The major disadvantage of OSB is that if it gets exposed to significant amounts of water or moisture, the edges expand by up to 15%. . .especially if they are cut edges. This swell will then telegraph onto the shingles or some flooring. When plywood gets wet, it expands evenly throughout the panel, dries more quickly and shrinks down to its original size more rapidly than OSB.

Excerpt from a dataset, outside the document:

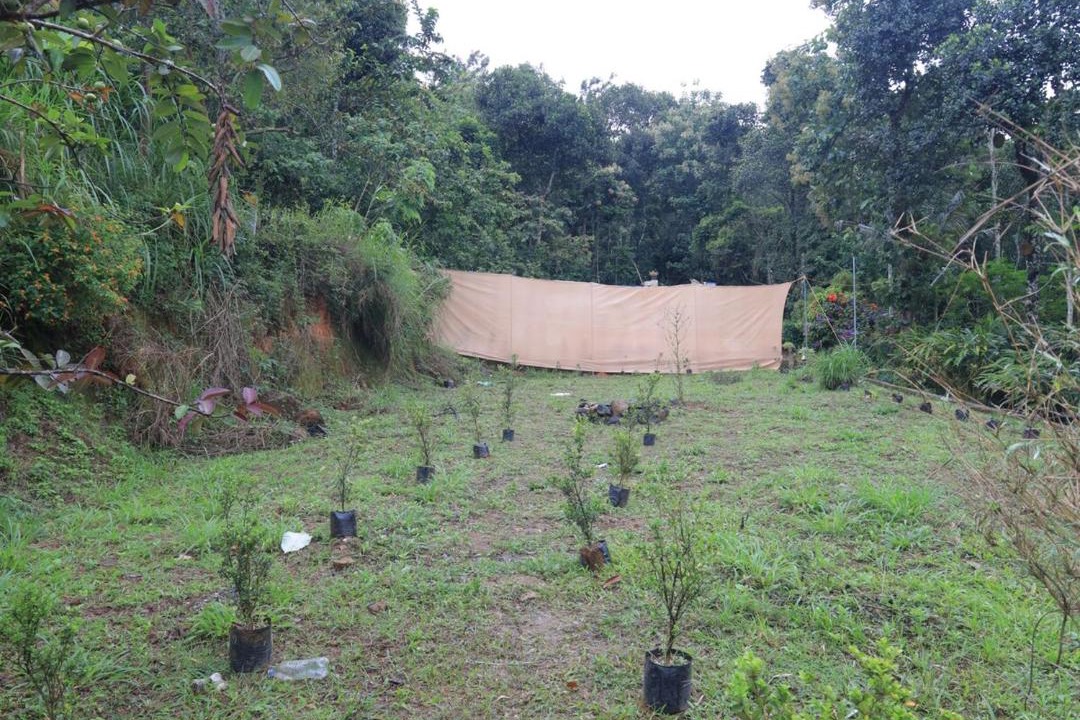 Photo of Outdoor in Pirmed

The Structural Board Association has outlined a plan to prevent this phenomenon. They maintain that dry storage, proper installation, and adequate ventilation will help prevent edge swelling of OSB.
THREE COMMON APPLICATIONS
For the three main applications of OSB and plywood, flooring, wall sheathing, and roof decking, which product should I pick?
***Whether you select OSB or plywood, use grid-marked sheathing, which includes pre-printed gridlines to facilitate measuring, marking, cutting, and fastening. It will speed installation, and save you money.***
OSB is fine to use as a subfloor material for most types of flooring, especially resilient flooring.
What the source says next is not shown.